—Acompanhas-me, Luiz? Tenho tanto desejo de ir visitar aquella gente... e comtudo não me sinto com valor.
—Ora essa, meu capitão, da melhor vontade! Não sei o que li n'aquelles olhos verdes de Martha; ainda se me não poderam tirar da memoria! Póde ser que me engane, mas essa menina é um anjo! Ha na meiguice do seu olhar um não sei quê, que me prendeu!
—Será isso uma illusão da tua parte?
—Nem por sombras! Se a visse, quando eu prometti a sua mãe que faria com que o senhor lá fosse...
—Então mostrou muitos desejos de me ver? perguntou Manuel com essa visivel curiosidade dos namorados, e como desejando prolongar a conversação de Mascatudo.
—Se mostrou! Ao principio fez-se branca como a cal da parede, e em seguida tornou-se vermelha como uma romã. Havia tanto interesse no seu olhar, quando me falou a respeito do senhor, que logo comprehendi que alguma coisa se passava no seu coração.

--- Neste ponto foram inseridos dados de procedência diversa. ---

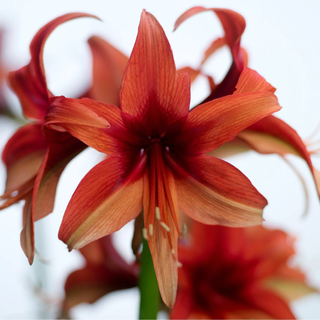 Amaryllis - Bogota (1 pack) Bulb, Red Flowers - Professional Growers from Easy to Grow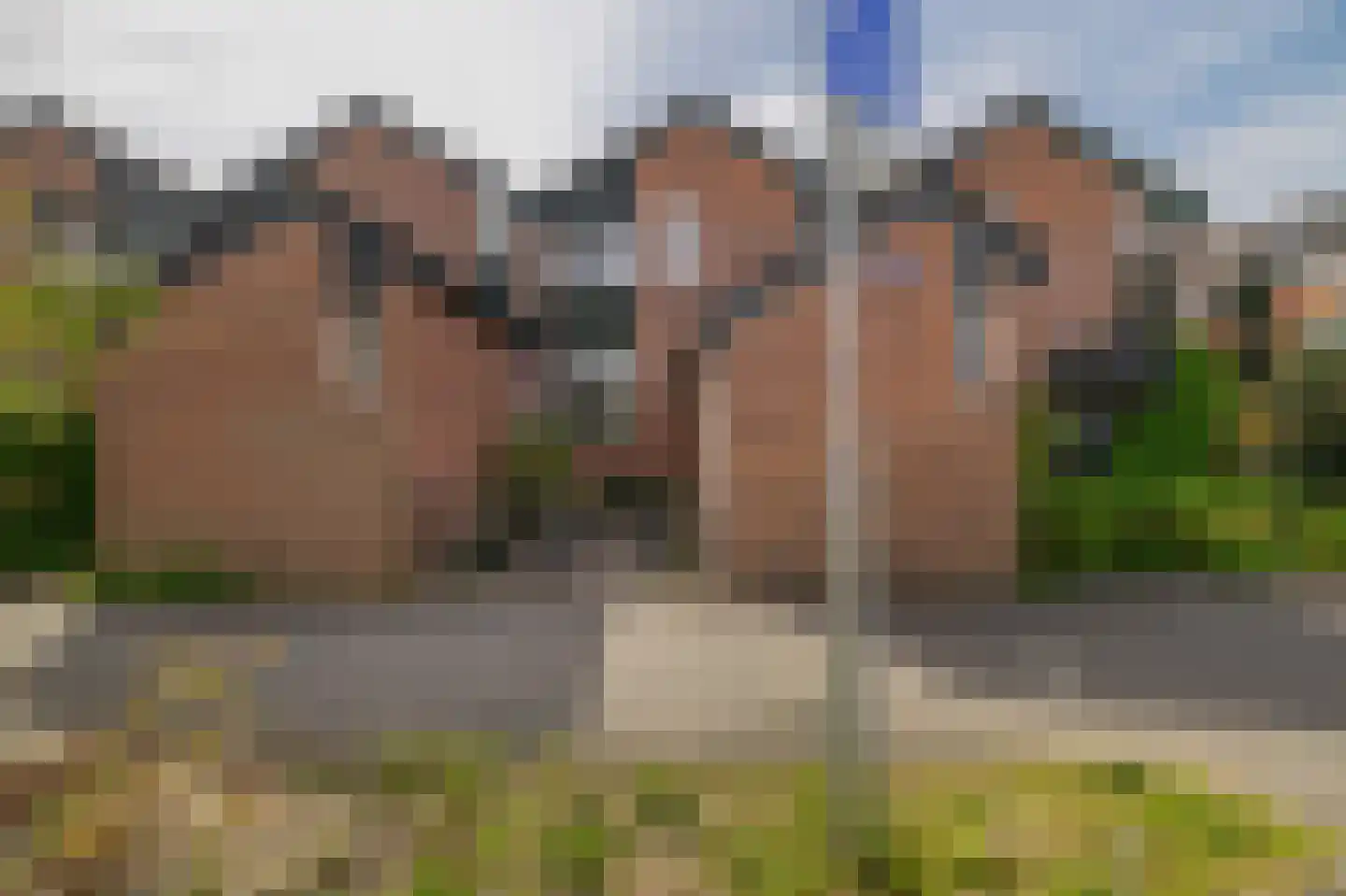 Buinerdiep 17 Zaandam thumbnail 50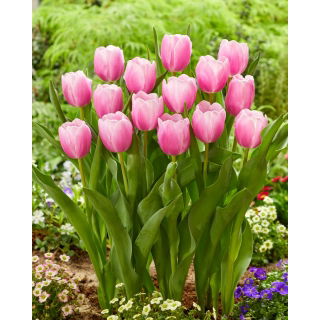 Tulipan Argos - duża paczka! - 50 szt.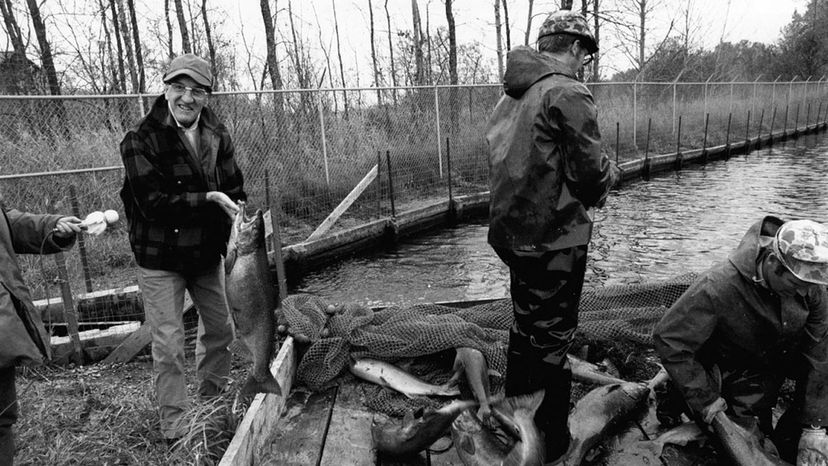 Three Classic Scientific Hypotheses and the Experiments That Confirmed Them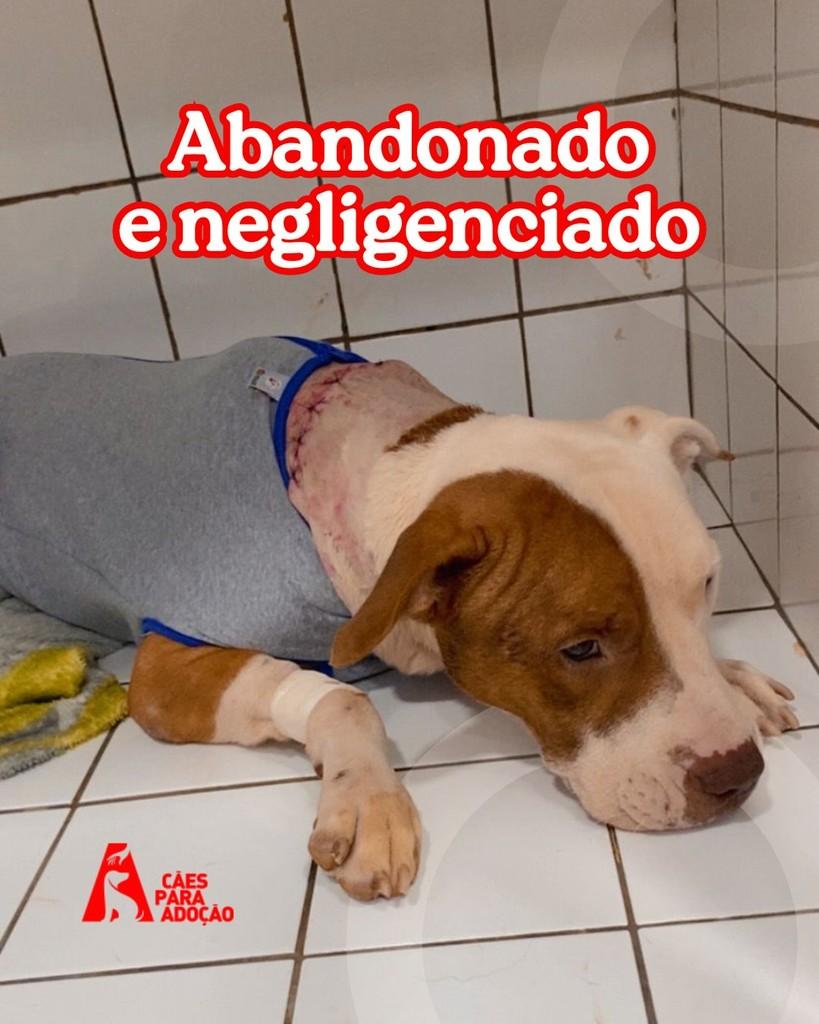 Drake, cachorro de porte médio para adoção em Indaiatuba - SP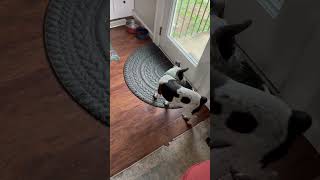 Video preview image #1 Mutt Puppy For Sale in Garden City, NY, USA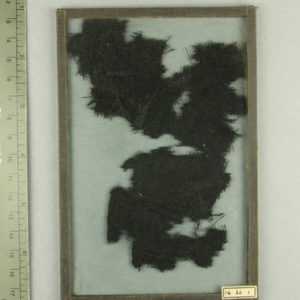 Ancient Egyptian wool fragment from Napata dated 750 – 500 BC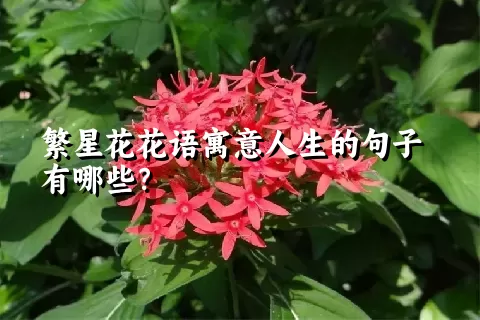 繁星花花语寓意人生的句子有哪些？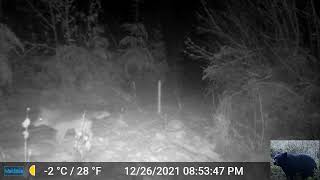 Another Coyote Marking Scent Where Bobcat Did in Front of Our Camera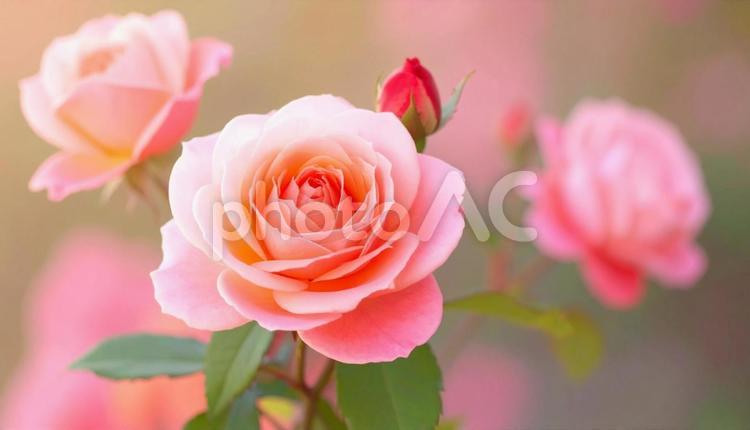 秋の花　薔薇　ピンク色 秋の花,薔薇,ピンク色の写真素材
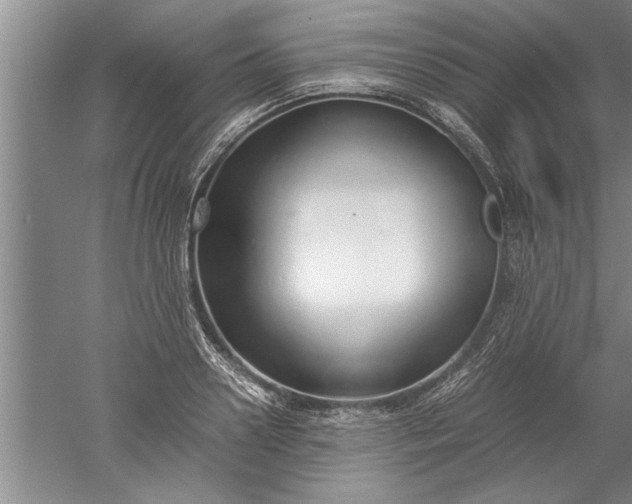 X0000052550938200507152156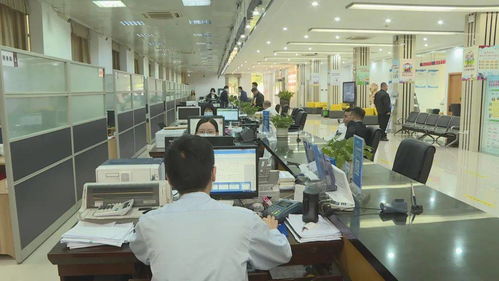 區(qū)便民服務(wù)中心榮獲“廣東省青年文明號(hào)”稱號(hào)，信息系統(tǒng)集成服務(wù)再上新臺(tái)階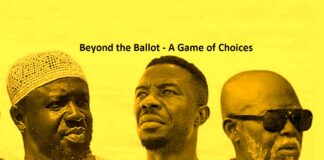 Actor Kwaku Manu, Beyond the Ballot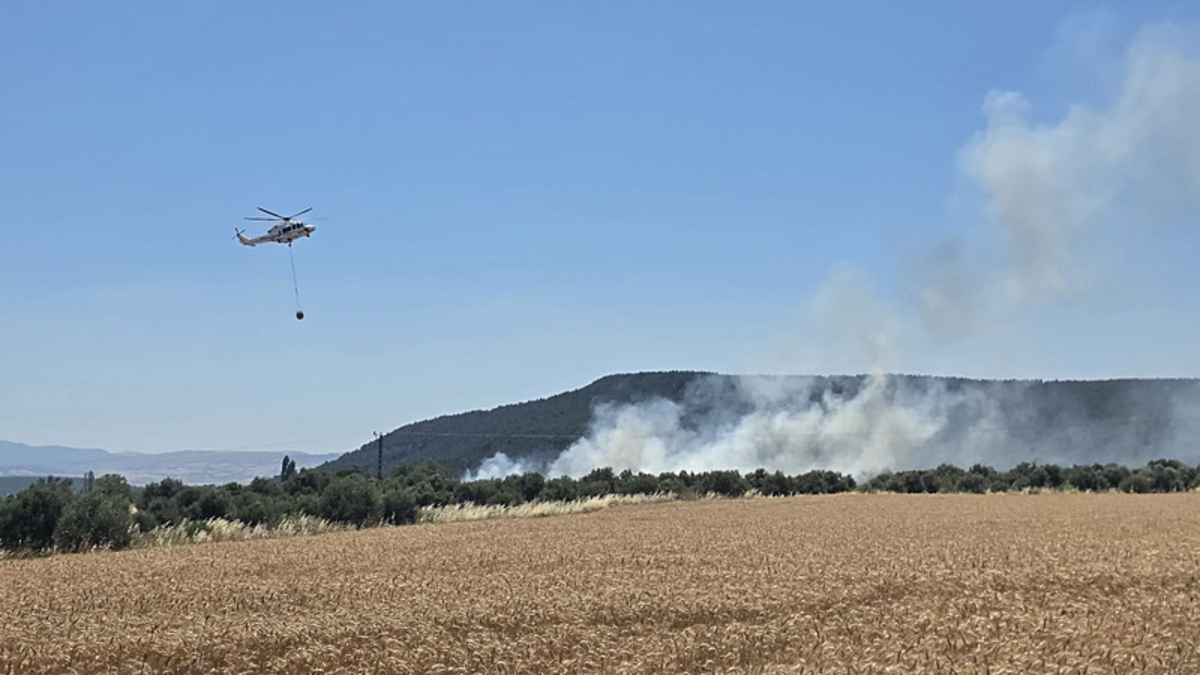 Çanakkale'de korkutan yangın!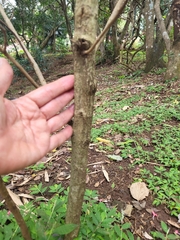 Stachytarpheta mutabilis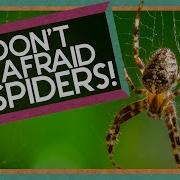 Don T Be Afraid
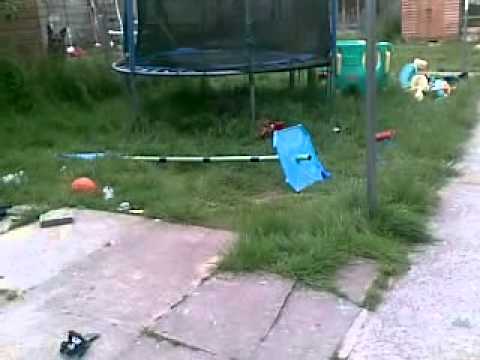 kian making my nextdoor neighbours dogs howl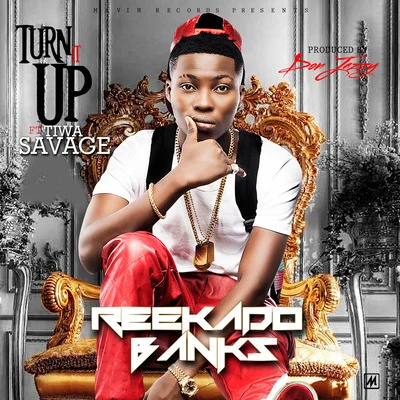 Turn It Up (feat. Tiwa Savage) 專輯 Ric Hassani/Reekado Banks/Peruzzi/Waje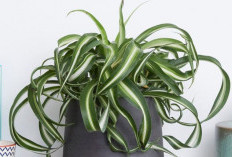 Saring Polusi & Cegah Kanker, 4 Jenis Tanaman Hias Hidroponik Penyaring Udara Ini Bikin Suasana Rumah Asri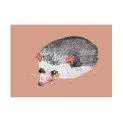 Postcard hedgehog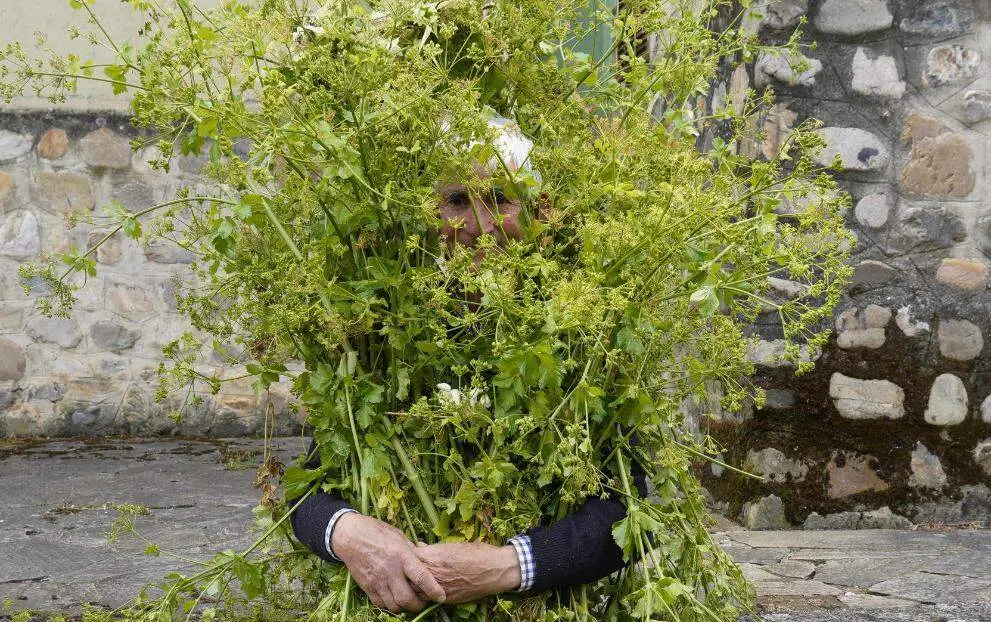 Los 'Maios' de Villafranca del Bierzo honran de nuevo a la naturaleza para que cada primavera regrese cargada de vida. Foto: C&eacute;sar S&aacute;nchez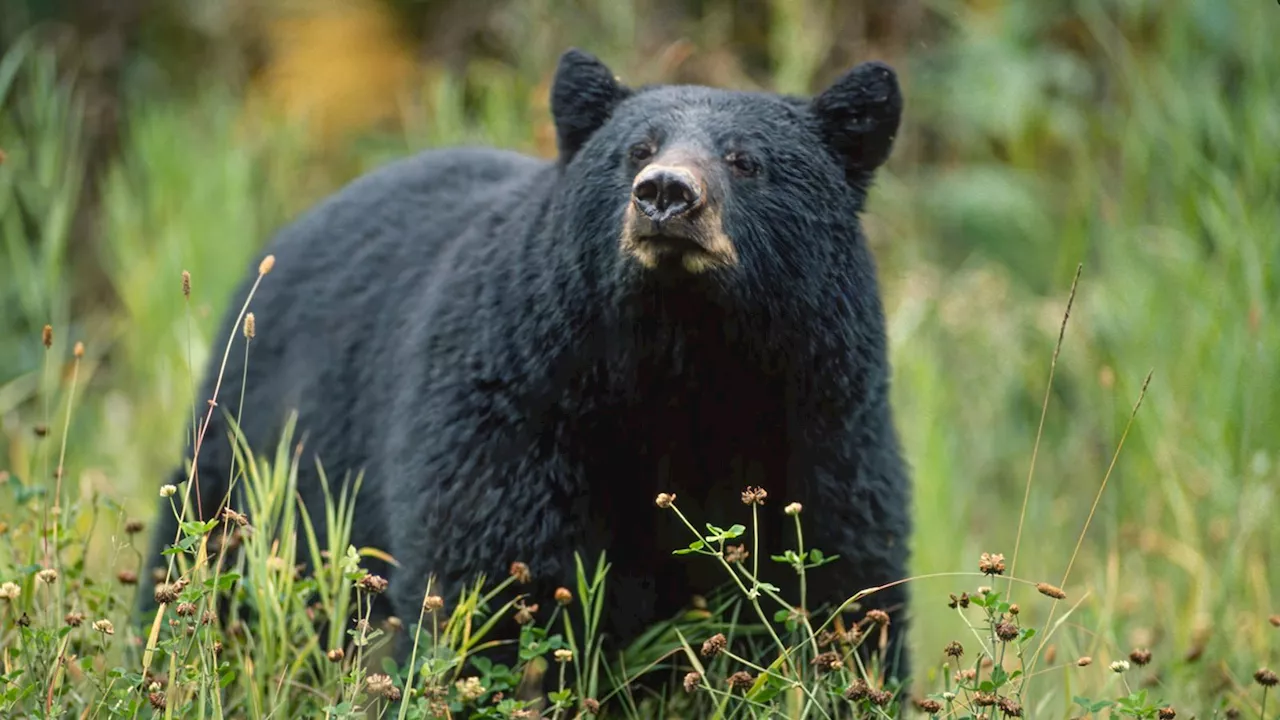 Virginia man dies after bear shot by fellow hunter falls on top of him from tree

—Pois então, meu amigo, o que tem de ser, seja. É Deus que o determina: iremos hoje vel-os. Passava-se este dialogo a bordo da galera Esperança, no mesmo dia e á mesma hora em que o visconde de Coruche expunha a Tristão de Almeida, no gabinete do hotel Bragança, as graves conveniencias que lhe resultariam da sua philanthropica resolução.
Subindo á tolda, Manuel mandou apromptar o escaler e veiu para terra em companhia de Mascatudo.
Dirigiu se ao hotel.
Ao subir a escada que conduzia aos quartos de Jeronymo, sentiu que um mundo novo e inteiramente estranho se desenrolava a seus olhos! Receioso pelo sentimento que lhe perturbava o espirito, o marinheiro quasi pedia á Providencia, que qualquer circumstancia fortuita lhe viesse impedir a realização dos seus desejos!